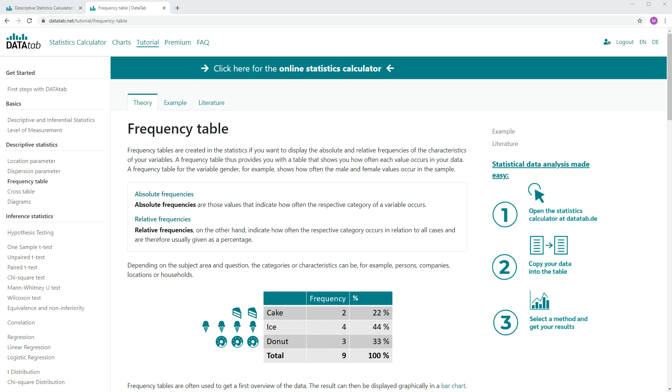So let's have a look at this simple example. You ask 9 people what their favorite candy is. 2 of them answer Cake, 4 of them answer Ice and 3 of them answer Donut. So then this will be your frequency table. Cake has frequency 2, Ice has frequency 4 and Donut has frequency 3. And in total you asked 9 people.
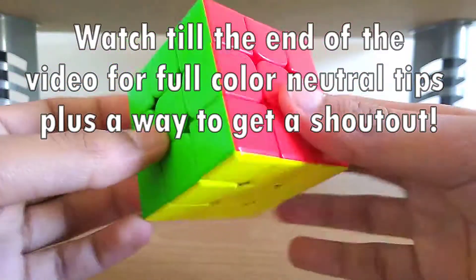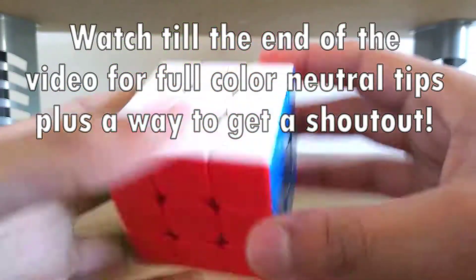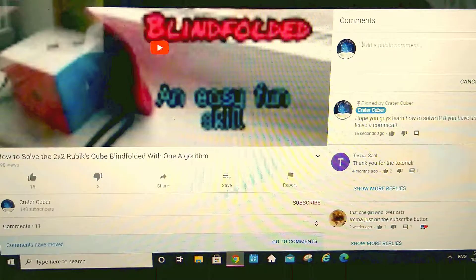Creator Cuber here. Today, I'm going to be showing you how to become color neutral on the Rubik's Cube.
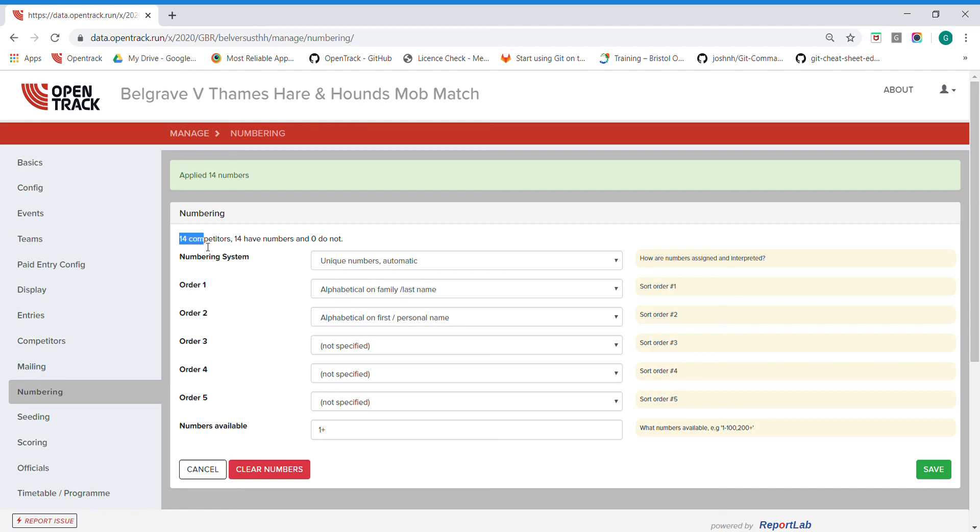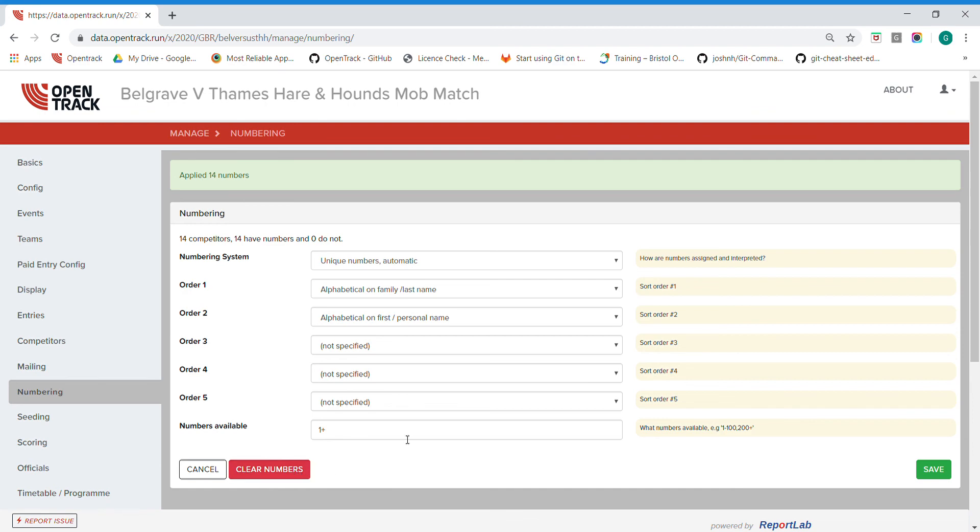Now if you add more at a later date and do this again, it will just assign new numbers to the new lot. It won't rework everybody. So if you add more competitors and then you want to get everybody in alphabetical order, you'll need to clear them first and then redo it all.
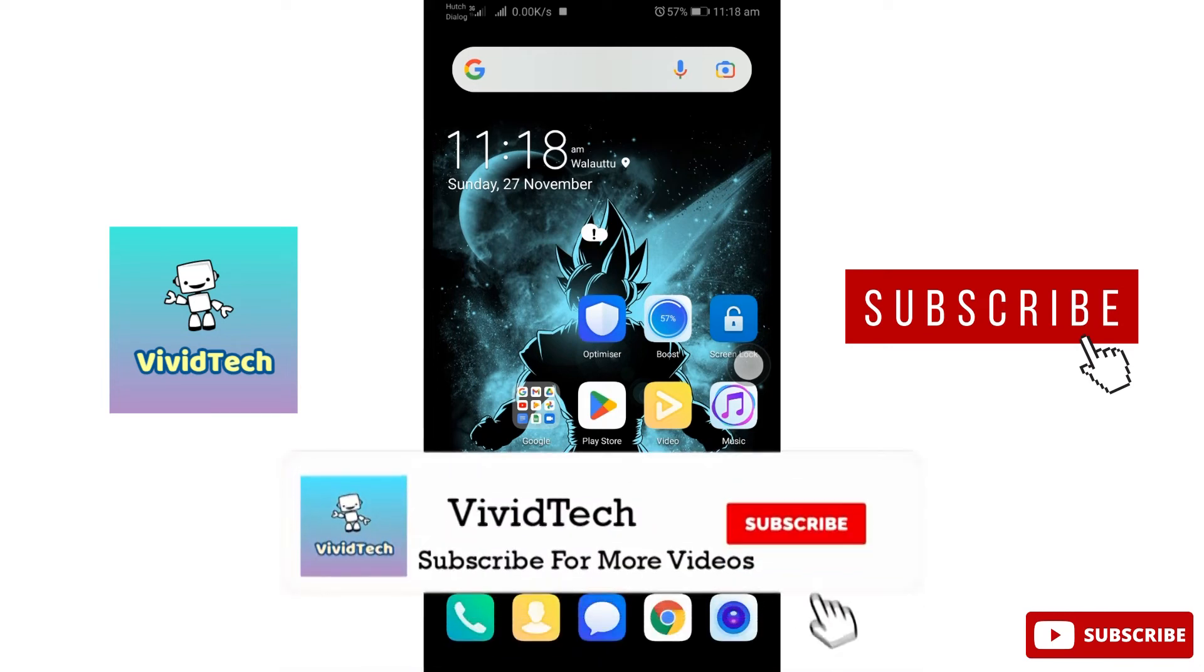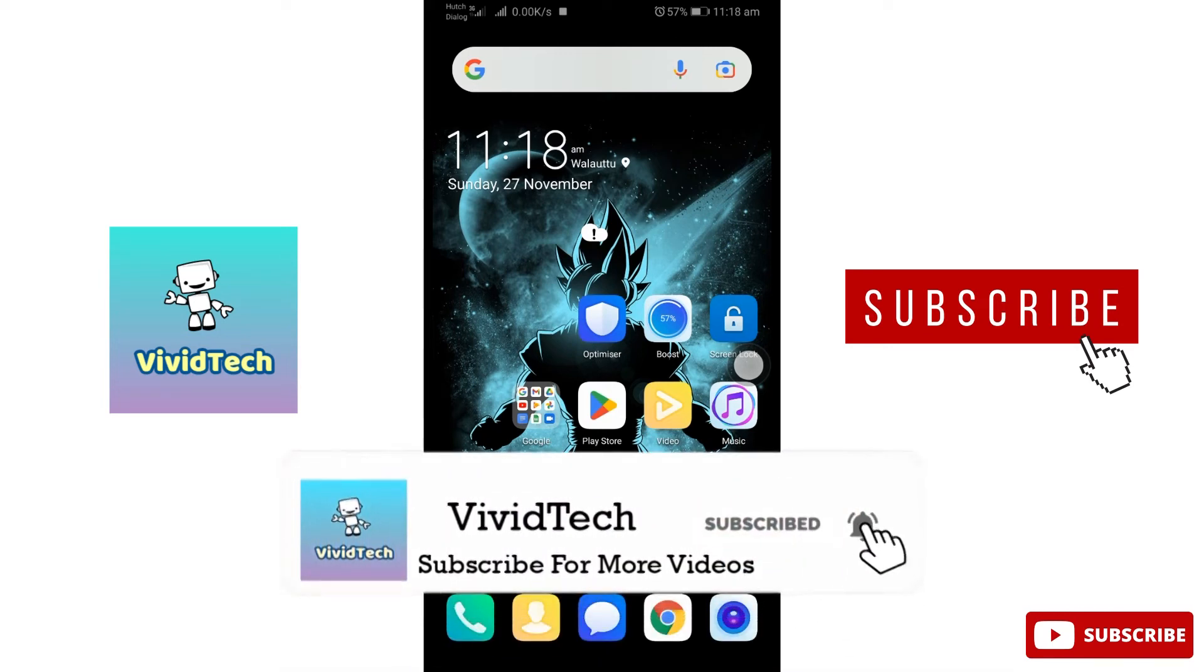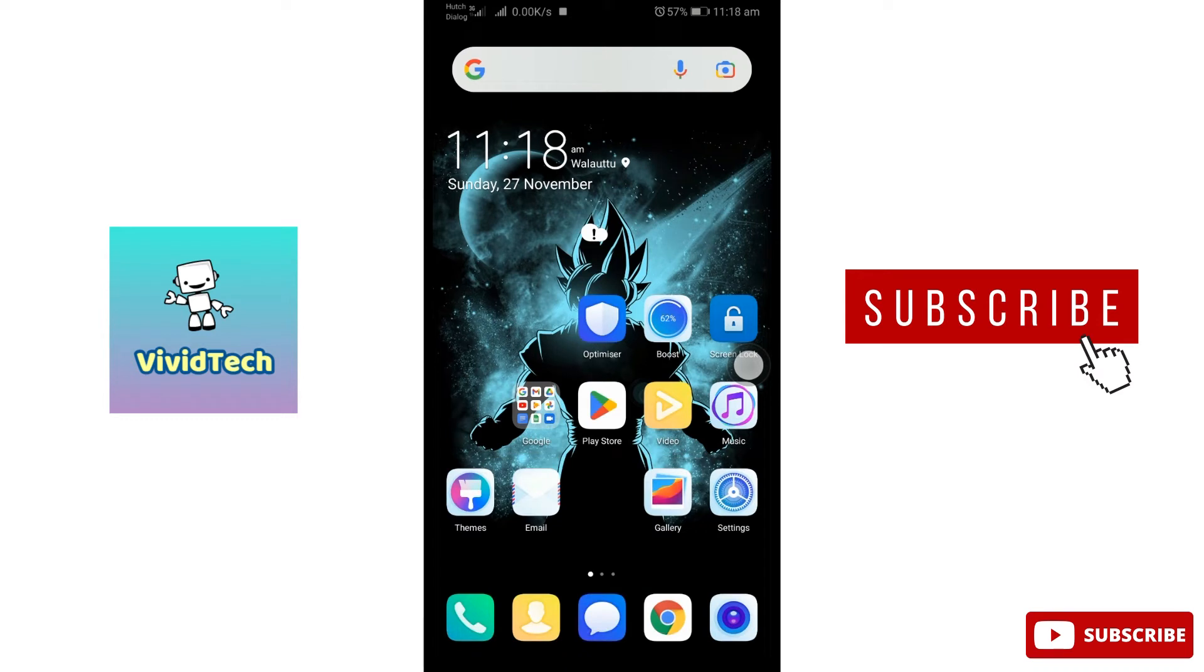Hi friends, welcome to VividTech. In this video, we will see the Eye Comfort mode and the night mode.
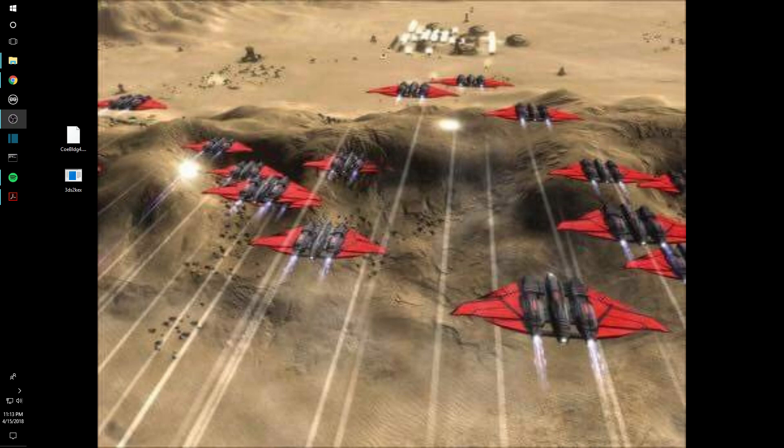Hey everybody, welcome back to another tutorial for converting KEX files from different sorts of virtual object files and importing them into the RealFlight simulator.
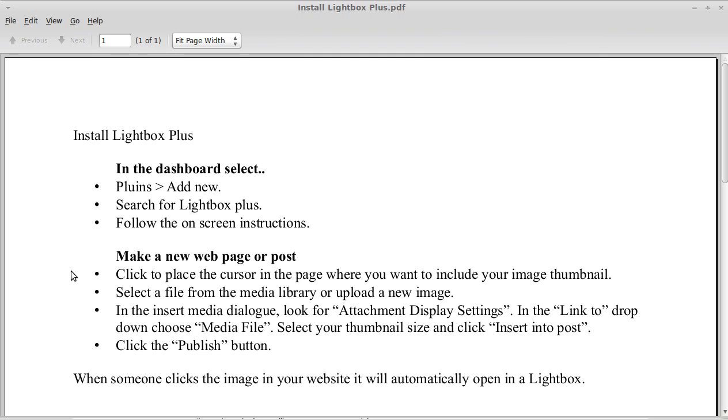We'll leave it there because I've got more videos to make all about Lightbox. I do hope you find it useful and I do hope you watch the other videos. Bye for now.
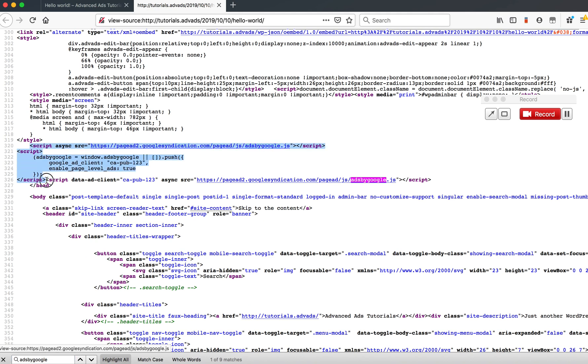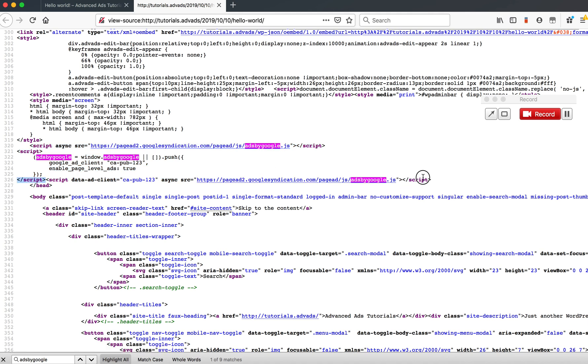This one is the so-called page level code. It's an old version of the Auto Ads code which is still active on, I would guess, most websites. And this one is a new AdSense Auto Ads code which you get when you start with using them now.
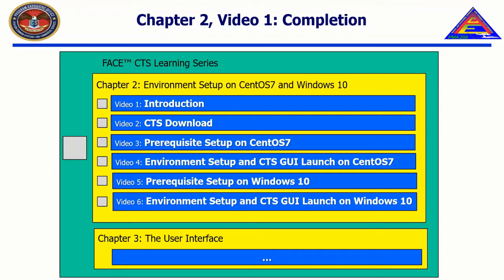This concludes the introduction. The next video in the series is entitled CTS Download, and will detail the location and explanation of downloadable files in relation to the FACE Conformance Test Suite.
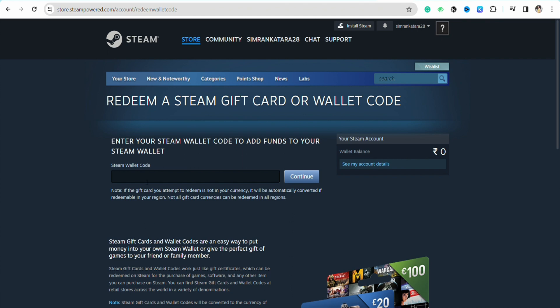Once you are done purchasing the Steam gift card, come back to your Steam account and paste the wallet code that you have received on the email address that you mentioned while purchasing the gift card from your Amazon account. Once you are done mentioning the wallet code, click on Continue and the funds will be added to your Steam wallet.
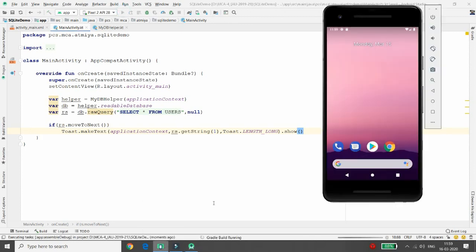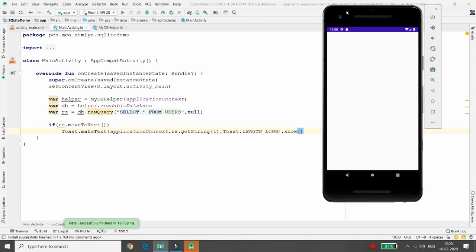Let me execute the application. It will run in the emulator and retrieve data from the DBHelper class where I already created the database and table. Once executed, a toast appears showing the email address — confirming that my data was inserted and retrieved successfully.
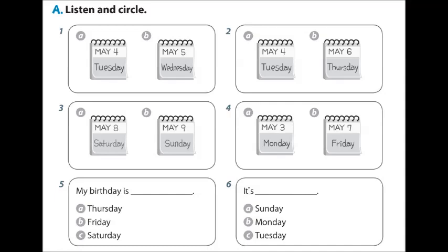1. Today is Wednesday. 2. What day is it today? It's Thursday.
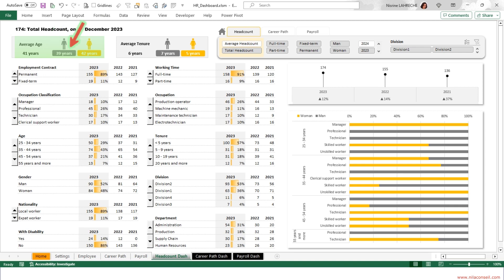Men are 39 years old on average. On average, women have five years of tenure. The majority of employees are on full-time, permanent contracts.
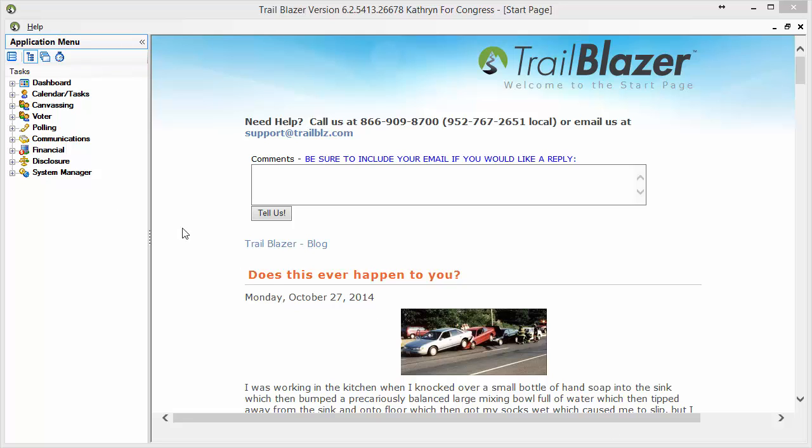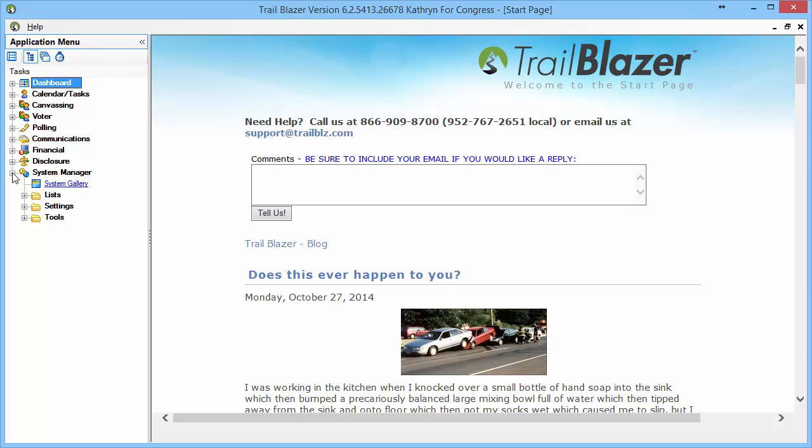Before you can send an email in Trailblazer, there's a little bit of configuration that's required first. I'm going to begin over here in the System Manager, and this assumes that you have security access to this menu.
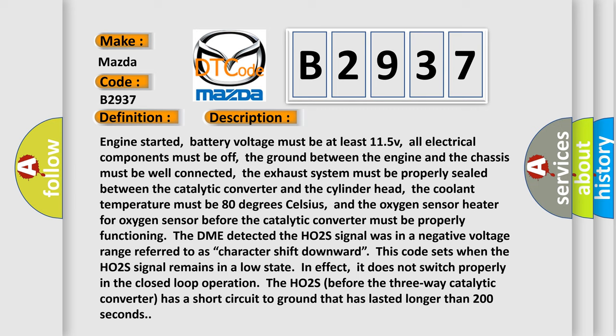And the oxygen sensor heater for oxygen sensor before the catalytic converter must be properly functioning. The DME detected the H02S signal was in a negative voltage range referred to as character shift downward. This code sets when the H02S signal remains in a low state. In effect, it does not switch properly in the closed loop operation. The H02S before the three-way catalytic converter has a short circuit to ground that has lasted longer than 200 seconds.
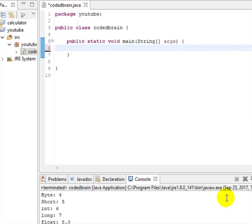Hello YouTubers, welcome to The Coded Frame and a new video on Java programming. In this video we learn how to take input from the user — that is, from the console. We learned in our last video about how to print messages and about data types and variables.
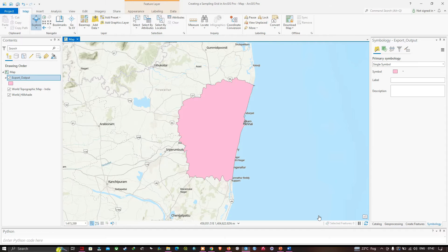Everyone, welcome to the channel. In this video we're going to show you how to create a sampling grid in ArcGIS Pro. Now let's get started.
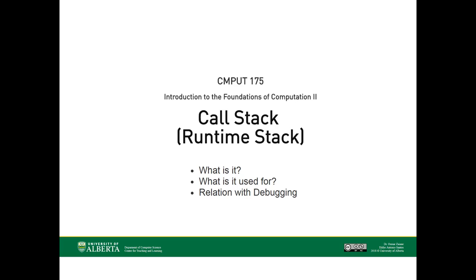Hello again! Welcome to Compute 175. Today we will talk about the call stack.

------------------------------

Work required: With all pictures removed, reproduce the lines from the top of the entries above through the line containing "We'll leave it", exactly as written.

Solution below:
So let's have a look at this simple example. You ask 9 people what their favorite candy is. 2 of them answer Cake, 4 of them answer Ice and 3 of them answer Donut. So then this will be your frequency table. Cake has frequency 2, Ice has frequency 4 and Donut has frequency 3. And in total you asked 9 people.
Creator Cuber here. Today, I'm going to be showing you how to become color neutral on the Rubik's Cube.
Now if you add more at a later date and do this again, it will just assign new numbers to the new lot. It won't rework everybody. So if you add more competitors and then you want to get everybody in alphabetical order, you'll need to clear them first and then redo it all.
Hi friends, welcome to VividTech. In this video, we will see the Eye Comfort mode and the night mode.
Hey everybody, welcome back to another tutorial for converting KEX files from different sorts of virtual object files and importing them into the RealFlight simulator.
We'll leave it there because I've got more videos to make all about Lightbox. I do hope you find it useful and I do hope you watch the other videos. Bye for now.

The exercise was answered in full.